#### [About this task]
In the entries that follow, find the line containing "61 SUNRISE DR, Jim Thorpe, PA 18229" and the line containing "chaqlin Women's Comfy Plush Slippers Cover", then copy exactly everything from the first through the second except the pictures.

#### [Data records]
----------

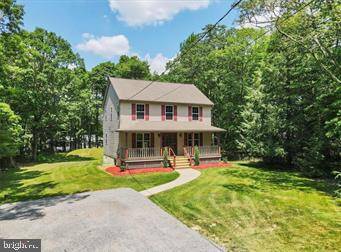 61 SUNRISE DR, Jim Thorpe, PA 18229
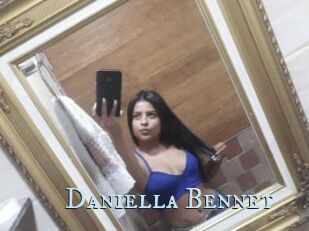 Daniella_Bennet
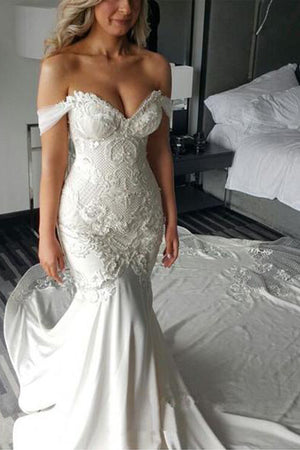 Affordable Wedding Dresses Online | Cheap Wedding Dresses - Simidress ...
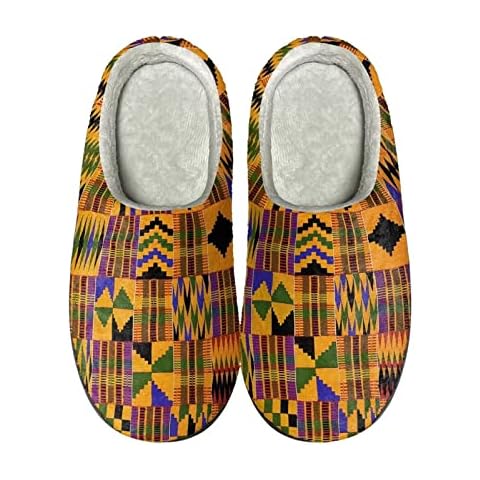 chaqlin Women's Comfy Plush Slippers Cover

----------

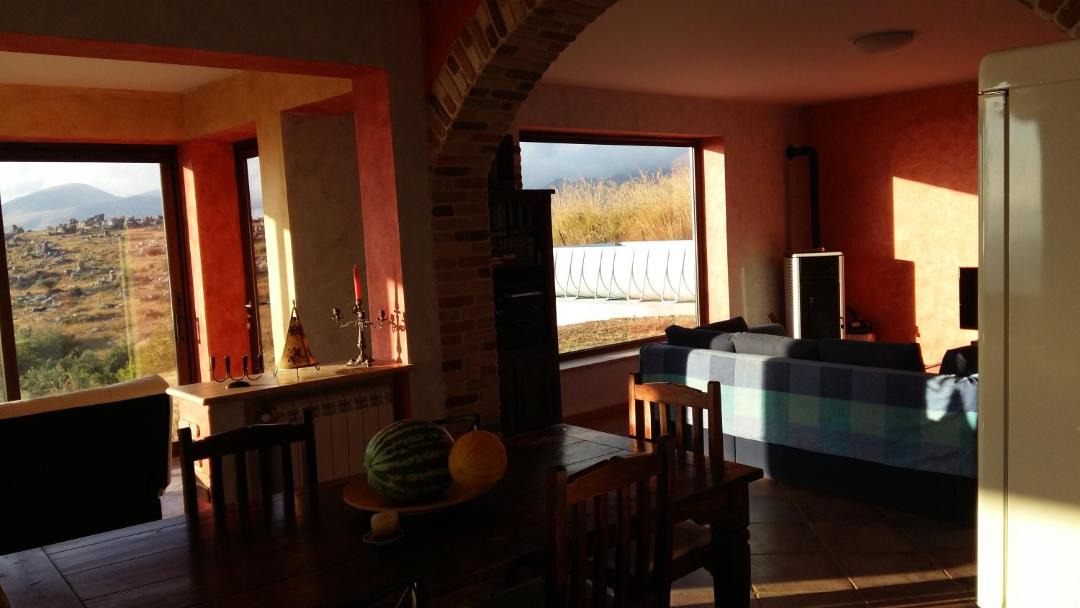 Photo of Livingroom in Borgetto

----------

#### [Exercise answer]
 61 SUNRISE DR, Jim Thorpe, PA 18229
 Daniella_Bennet
 Affordable Wedding Dresses Online | Cheap Wedding Dresses - Simidress ...
 chaqlin Women's Comfy Plush Slippers Cover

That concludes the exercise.